D’une pointe de flèche où le sang goutte encor
L’Amour a, par deux fois, sur ton écorce lisse
Gravé son nom cruel et doux, affre et délice,
Que le fer tour à tour meurtrit, caresse et mord.

La sève au sang divin môle ses larmes d’or ;
Et le philtre amoureux en tes fibres se glisse,
Et pour que la ramure au ciel s’épanouisse
Le tronc plus douloureux se contracte et se tord.

Et depuis, à ton ombre assis, j’entends qui chante
Ta cime harmonieuse et toujours frémissante
Avec tous les oiseaux de l’aurore et du soir ;

Et tordue à mes pieds où leur nœud s’entre-croise,
Je vois sourdre et ramper au sol vorace et noir.
En serpens souterrains, la racine sournoise.


LE RETOUR



Le vent à pas légers et la pluie à pas lourds
Nous précèdent déjà sur la route où frissonne
Ma tristesse à qui l’heure et le soir et l’automne
Disent le temps qui passe et la fuite des jours.

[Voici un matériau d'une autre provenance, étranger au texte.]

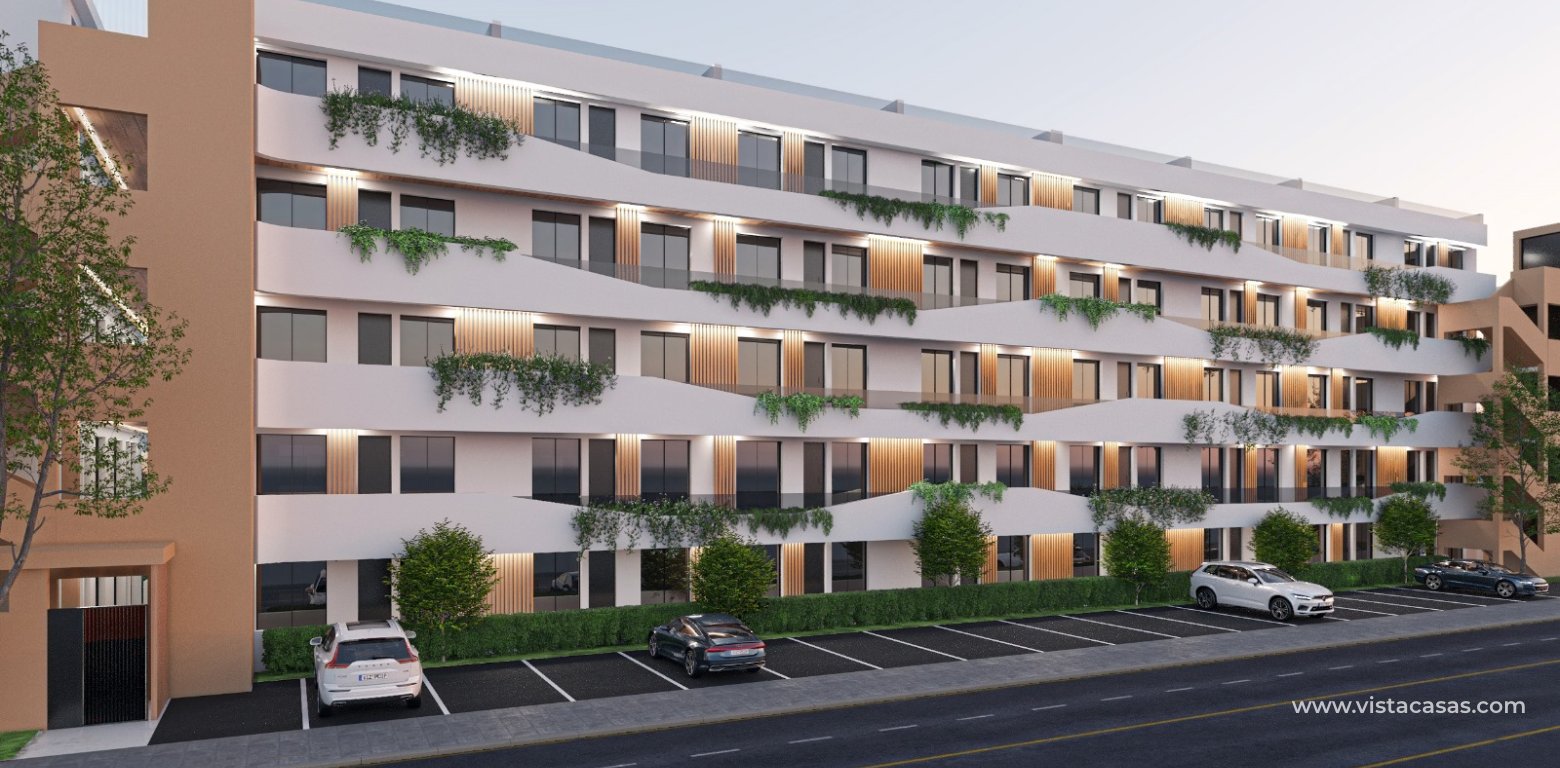 Obra Nueva - Apartamento - San Pedro del Pinatar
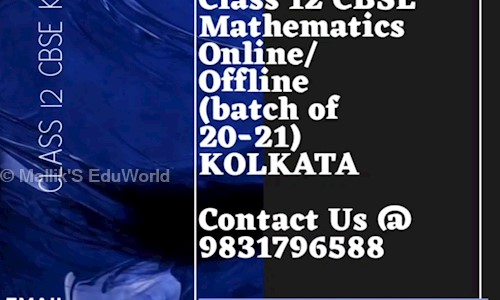 Mallik'S EduWorld - School Tuitions in Santoshpur, Kolkata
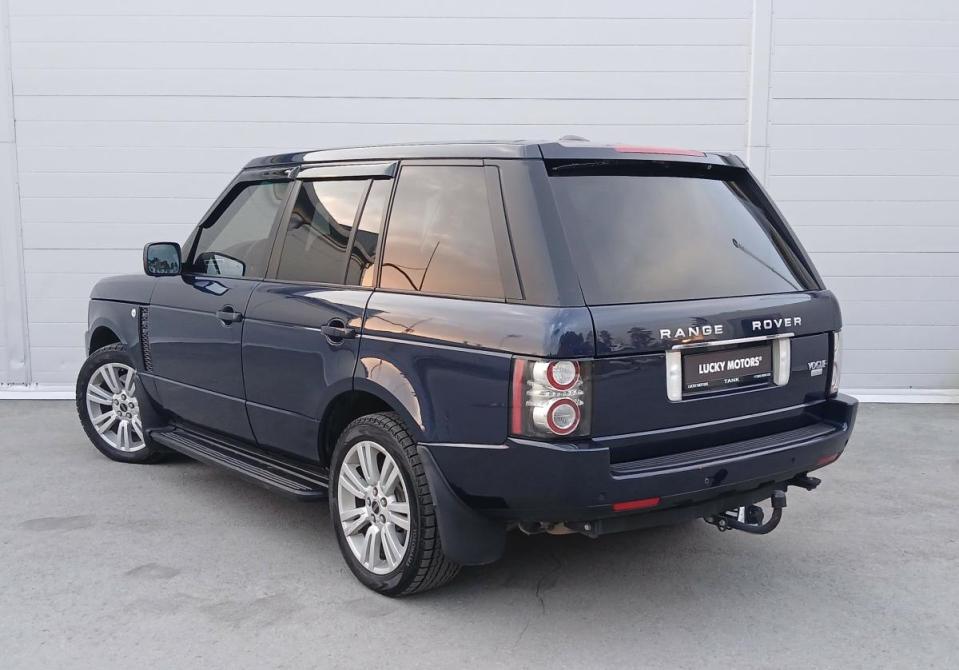 Land Rover Range Rover III Рестайлинг 2 Екатеринбург  - изображение 3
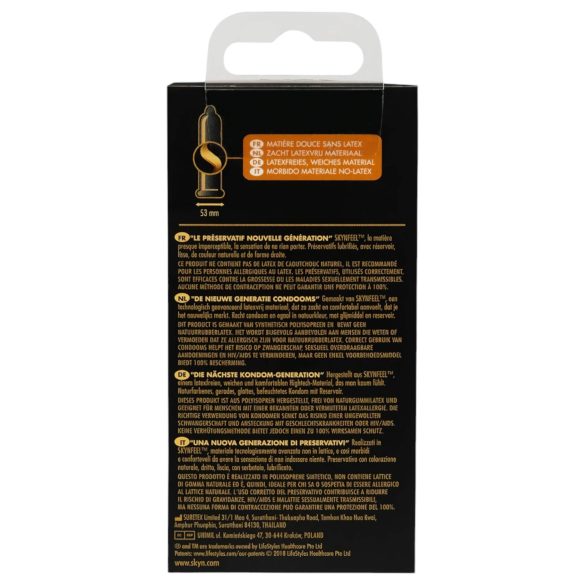 Manix SKYN - kondomer - original - latexfri - 10 st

Ton visage pourtant, ô Toi, sourit toujours
Et ta bouche indulgente et divine pardonne
A l’instant envolé qui fuit et t’abandonne ;
Et la route reprise est douce à tes retours.

Le Souvenir là-bas ouvre son porche où tremble
Le lierre fraternel qui nous accueille ensemble
Enguirlandant le seuil et la porte en ruine ;

Et l’âtre noir verra aux cendres ranimées.
Comme en mon sombre amour que ta grâce illumine,
Rire la flamme claire à travers les fumées.